WASHINGTON (AP) — Federal Reserve Chair Janet Yellen said Wednesday that the U.S. economy is improving but noted that the job market remains “far from satisfactory” and inflation is still below the Fed’s target rate.
Speaking to Congress’ Joint Economic Committee, Yellen said that as a result, she expects low borrowing rates will continue to be needed for a “considerable time.”
Yellen’s comments echo her earlier signals that the Fed has no intention of acting soon to raise its key target for short-term interest rates even though the job market has strengthened and economic growth is poised to rebound this year. The Fed has kept short-term rates at a record low near zero since December 2008.
At the same time, Yellen cautioned that geopolitical tensions, a renewal of financial stress in emerging markets and a faltering housing recovery pose potential threats.
“While conditions in the labor market have improved appreciably, they are still far from satisfactory,” Yellen said. “Even with recent declines in the unemployment rate, it continues to be elevated.”
Rep. Kevin Brady, R-Texas, the committee chairman, pressed Yellen to specify when the Fed might start raising short-term rates and how it will act to pare its record holdings of Treasury and mortgage bonds.
Yellen said she couldn’t give a date. But she said the Fed expects to begin raising rates when it sees enough progress in restoring full employment and when inflation has returned to its target of 2 percent.
She pointed to the Fed’s latest quarterly economic forecasts, which showed that most members expect the Fed to begin raising short-term rates in 2015 or 2016.
Yellen noted that even when the Fed’s bond purchases end, it intends to maintain its high level of holdings and will begin to reduce them only when the economy can withstand the pullback. The Fed’s record investment portfolio exceeds $4 trillion.
But Yellen also stressed that the Fed wants to avoid past mistakes of keeping its policies loose for too long and thereby fueling inflation. She noted the prolonged bout of high inflation of the 1970s.
“The lessons of that period are very real to all of us, and none of us want to make that mistake again,” Yellen said, referring to her Fed colleagues.
Yellen’s testimony marked her first chance to discuss the economy since the Fed met last week and the government said Friday that the economy added 288,000 jobs in April, the biggest hiring surge in two years. The unemployment rate dropped to 6.3 percent, its lowest point since 2008, from 6.7 percent in March.
But the unemployment rate fell that far because many fewer people began looking for work in April, thereby reducing the number of unemployed. The proportion of Americans who either have a job or are looking for one has reached a three-decade low.
Still, at last week’s Fed meeting, the central bank indicated that it saw signs of a strengthening economy.

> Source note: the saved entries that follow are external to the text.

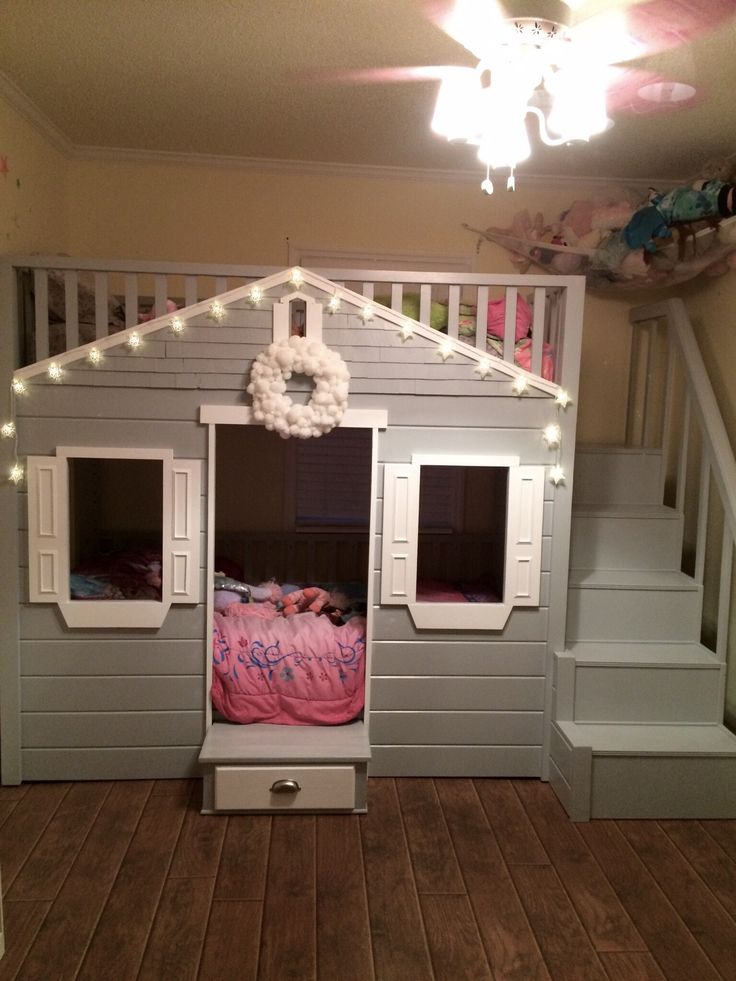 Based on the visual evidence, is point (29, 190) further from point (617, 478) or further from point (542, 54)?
point (617, 478)

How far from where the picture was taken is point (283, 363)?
9.65 feet

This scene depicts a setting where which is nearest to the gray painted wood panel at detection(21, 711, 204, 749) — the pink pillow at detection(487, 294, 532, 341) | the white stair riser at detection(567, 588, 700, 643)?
the white stair riser at detection(567, 588, 700, 643)

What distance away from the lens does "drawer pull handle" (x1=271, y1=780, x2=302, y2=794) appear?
2.90 meters

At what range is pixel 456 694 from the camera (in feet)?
10.5

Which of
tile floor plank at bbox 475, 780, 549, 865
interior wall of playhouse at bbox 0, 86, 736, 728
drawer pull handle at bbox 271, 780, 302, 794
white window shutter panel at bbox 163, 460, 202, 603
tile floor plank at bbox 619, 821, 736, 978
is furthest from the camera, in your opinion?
interior wall of playhouse at bbox 0, 86, 736, 728

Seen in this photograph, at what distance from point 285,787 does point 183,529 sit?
99cm

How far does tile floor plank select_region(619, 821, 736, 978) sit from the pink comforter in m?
1.11

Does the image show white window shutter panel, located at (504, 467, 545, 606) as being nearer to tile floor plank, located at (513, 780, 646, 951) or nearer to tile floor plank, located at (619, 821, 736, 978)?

It approved a fourth $10 billion reduction in its monthly bond purchases to $45 billion, down from an original $85 billion. The Fed has been buying bonds to try to keep long-term rates low.
The Fed is expected to end its bond purchases by year’s end. But even when it does, the Fed will maintain its holdings at a record level above $4 trillion, thereby providing continued downward pressure on long-term rates.

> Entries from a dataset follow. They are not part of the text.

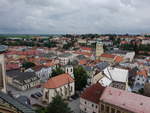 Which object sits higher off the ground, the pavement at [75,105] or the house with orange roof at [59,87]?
the house with orange roof at [59,87]

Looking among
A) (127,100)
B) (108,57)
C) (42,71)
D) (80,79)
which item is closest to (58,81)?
(80,79)

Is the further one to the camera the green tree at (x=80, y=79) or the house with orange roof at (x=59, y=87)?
the green tree at (x=80, y=79)

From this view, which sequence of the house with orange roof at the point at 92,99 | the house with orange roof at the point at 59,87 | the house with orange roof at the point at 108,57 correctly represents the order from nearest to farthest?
the house with orange roof at the point at 92,99 → the house with orange roof at the point at 59,87 → the house with orange roof at the point at 108,57

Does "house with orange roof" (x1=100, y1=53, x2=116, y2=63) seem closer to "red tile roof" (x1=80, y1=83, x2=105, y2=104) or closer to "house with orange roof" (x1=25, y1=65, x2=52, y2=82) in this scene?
"house with orange roof" (x1=25, y1=65, x2=52, y2=82)

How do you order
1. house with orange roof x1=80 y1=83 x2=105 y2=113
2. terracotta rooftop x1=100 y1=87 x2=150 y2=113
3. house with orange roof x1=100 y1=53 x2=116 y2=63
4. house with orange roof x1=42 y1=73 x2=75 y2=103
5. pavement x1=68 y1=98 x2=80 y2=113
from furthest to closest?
house with orange roof x1=100 y1=53 x2=116 y2=63
house with orange roof x1=42 y1=73 x2=75 y2=103
pavement x1=68 y1=98 x2=80 y2=113
house with orange roof x1=80 y1=83 x2=105 y2=113
terracotta rooftop x1=100 y1=87 x2=150 y2=113

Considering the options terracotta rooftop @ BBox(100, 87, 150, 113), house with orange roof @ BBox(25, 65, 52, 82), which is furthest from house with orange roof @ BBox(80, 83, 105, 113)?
house with orange roof @ BBox(25, 65, 52, 82)

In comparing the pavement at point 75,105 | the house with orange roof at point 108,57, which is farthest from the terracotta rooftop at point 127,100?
the house with orange roof at point 108,57

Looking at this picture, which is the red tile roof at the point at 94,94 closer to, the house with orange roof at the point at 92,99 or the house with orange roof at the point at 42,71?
the house with orange roof at the point at 92,99

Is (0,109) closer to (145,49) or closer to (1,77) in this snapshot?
(1,77) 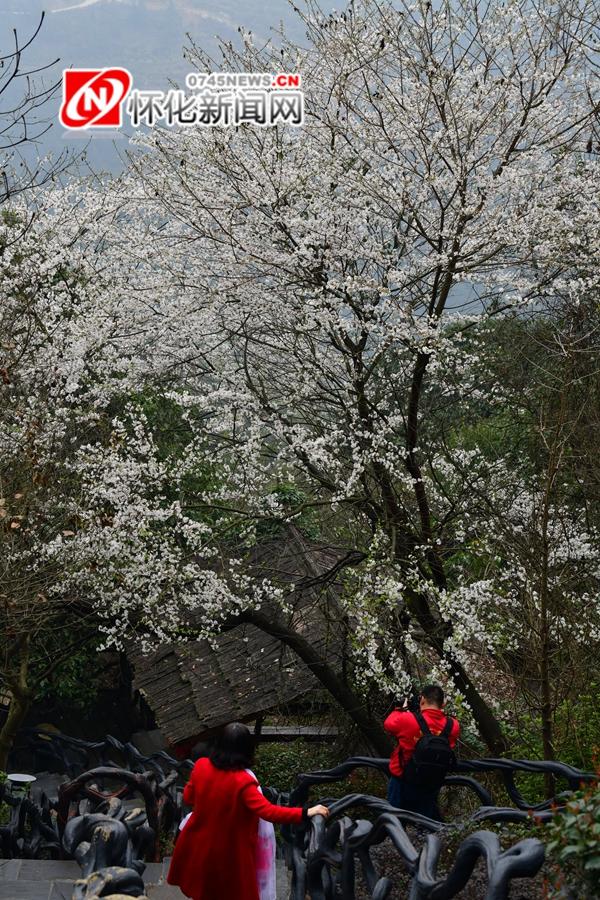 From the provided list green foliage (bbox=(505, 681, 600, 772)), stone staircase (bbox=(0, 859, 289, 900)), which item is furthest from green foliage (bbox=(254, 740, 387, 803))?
stone staircase (bbox=(0, 859, 289, 900))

In its statement last week, the Fed reiterated its expectation that short-term rates would remain near zero for a “considerable time” after the bond buying program ends. Yellen repeated that language Wednesday.
“Many Americans who want a job are still unemployed, inflation continues to run below (the central bank’s) longer-run objectives and work remains to further strengthen our financial system,” she said.
In a speech last month in New York, Yellen had stressed the need for the Fed to remain flexible in deciding how to manage interest rates. She said that it was important to be able to respond to “significant unexpected twists and turns the economy may make.”
Many Republicans have expressed concerns that the Fed’s low-rate programs are raising the risks of financial market instability and high inflation in the future.